↓↓↓

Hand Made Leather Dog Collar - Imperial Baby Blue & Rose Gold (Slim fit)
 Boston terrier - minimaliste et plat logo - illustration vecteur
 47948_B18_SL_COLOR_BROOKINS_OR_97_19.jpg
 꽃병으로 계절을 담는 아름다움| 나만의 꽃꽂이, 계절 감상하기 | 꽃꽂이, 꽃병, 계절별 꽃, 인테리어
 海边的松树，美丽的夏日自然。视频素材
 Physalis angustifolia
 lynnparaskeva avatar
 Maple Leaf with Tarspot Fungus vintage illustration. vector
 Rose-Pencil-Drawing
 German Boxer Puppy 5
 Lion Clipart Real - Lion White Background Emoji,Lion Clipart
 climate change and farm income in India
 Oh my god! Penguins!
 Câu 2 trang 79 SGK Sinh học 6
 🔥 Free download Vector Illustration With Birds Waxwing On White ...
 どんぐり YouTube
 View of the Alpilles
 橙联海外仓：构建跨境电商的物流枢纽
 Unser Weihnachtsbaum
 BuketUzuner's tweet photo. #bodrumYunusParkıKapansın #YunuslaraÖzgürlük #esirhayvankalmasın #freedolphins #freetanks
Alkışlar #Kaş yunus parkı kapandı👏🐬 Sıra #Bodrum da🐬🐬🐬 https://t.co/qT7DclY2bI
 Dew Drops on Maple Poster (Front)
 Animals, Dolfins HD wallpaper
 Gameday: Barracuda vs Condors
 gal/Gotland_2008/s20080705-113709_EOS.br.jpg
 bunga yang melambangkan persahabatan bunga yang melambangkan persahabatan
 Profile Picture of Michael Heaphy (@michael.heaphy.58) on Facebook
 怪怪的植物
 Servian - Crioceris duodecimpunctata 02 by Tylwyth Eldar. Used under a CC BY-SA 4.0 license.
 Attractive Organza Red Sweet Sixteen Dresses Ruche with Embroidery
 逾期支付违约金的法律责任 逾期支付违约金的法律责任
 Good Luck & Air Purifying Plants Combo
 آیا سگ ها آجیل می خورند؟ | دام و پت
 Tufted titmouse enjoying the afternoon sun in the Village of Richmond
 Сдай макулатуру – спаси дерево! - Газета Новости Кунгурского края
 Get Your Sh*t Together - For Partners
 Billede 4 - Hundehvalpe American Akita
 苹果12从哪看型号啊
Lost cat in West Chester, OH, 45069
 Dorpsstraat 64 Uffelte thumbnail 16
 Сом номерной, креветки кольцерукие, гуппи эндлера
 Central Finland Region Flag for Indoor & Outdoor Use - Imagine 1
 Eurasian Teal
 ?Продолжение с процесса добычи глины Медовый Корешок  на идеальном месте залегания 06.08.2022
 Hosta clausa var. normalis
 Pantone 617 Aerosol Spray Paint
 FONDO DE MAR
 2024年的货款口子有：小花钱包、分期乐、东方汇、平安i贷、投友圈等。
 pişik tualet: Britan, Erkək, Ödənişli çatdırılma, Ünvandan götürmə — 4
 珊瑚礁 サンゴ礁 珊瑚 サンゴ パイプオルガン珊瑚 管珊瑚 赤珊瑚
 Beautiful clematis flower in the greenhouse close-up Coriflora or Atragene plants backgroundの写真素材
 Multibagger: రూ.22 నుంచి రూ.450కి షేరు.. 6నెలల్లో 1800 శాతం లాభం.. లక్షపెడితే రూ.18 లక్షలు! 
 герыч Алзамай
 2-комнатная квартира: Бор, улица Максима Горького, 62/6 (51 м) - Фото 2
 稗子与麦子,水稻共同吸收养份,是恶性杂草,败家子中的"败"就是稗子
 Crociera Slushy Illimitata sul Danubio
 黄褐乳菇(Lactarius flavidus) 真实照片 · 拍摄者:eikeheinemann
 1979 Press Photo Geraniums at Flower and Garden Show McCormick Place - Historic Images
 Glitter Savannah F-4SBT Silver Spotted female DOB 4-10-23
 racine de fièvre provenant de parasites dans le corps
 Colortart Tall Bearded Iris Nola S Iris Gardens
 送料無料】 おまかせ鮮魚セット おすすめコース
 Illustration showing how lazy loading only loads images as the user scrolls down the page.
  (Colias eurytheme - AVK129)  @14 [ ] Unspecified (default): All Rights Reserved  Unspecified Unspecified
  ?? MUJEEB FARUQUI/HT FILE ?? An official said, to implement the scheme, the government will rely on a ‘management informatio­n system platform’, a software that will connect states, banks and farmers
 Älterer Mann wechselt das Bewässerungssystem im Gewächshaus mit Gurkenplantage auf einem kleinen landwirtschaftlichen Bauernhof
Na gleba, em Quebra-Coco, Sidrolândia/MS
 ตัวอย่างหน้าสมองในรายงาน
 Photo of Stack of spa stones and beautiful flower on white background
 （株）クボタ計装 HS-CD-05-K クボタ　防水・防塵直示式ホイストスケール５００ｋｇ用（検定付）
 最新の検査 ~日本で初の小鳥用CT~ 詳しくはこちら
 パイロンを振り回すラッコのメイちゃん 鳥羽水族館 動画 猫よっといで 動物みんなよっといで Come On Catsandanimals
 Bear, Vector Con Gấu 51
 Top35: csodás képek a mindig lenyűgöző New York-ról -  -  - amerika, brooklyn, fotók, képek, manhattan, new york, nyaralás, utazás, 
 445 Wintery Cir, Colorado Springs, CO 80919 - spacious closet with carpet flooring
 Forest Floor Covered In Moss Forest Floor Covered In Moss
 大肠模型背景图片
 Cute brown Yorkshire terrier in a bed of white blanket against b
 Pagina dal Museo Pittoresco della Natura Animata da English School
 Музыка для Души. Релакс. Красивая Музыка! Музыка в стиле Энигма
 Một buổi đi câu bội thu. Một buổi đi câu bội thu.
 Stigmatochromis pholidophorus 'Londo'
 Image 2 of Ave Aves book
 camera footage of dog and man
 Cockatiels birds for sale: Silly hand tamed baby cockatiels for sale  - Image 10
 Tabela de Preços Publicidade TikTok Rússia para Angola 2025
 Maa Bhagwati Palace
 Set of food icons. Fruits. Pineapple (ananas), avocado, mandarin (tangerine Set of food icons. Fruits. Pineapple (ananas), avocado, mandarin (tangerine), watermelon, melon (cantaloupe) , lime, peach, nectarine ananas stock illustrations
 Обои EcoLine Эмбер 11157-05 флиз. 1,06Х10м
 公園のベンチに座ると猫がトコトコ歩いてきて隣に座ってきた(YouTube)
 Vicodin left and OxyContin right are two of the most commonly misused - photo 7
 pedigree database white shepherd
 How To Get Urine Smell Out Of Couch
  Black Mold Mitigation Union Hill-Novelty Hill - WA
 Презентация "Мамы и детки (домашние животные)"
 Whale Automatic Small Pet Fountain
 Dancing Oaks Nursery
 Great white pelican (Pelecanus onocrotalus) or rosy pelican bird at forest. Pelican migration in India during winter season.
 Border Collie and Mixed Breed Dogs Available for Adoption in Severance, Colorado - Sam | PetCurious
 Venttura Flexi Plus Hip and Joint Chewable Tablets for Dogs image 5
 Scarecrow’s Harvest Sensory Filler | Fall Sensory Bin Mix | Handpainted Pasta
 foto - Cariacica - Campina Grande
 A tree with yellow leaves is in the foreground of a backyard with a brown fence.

↑↑↑

About this task: Repeat exactly, and only, the lines from the line with "Vicodin left and" through the end of the listing above, both ends included.

Result below:
 Vicodin left and OxyContin right are two of the most commonly misused - photo 7
 pedigree database white shepherd
 How To Get Urine Smell Out Of Couch
  Black Mold Mitigation Union Hill-Novelty Hill - WA
 Презентация "Мамы и детки (домашние животные)"
 Whale Automatic Small Pet Fountain
 Dancing Oaks Nursery
 Great white pelican (Pelecanus onocrotalus) or rosy pelican bird at forest. Pelican migration in India during winter season.
 Border Collie and Mixed Breed Dogs Available for Adoption in Severance, Colorado - Sam | PetCurious
 Venttura Flexi Plus Hip and Joint Chewable Tablets for Dogs image 5
 Scarecrow’s Harvest Sensory Filler | Fall Sensory Bin Mix | Handpainted Pasta
 foto - Cariacica - Campina Grande
 A tree with yellow leaves is in the foreground of a backyard with a brown fence.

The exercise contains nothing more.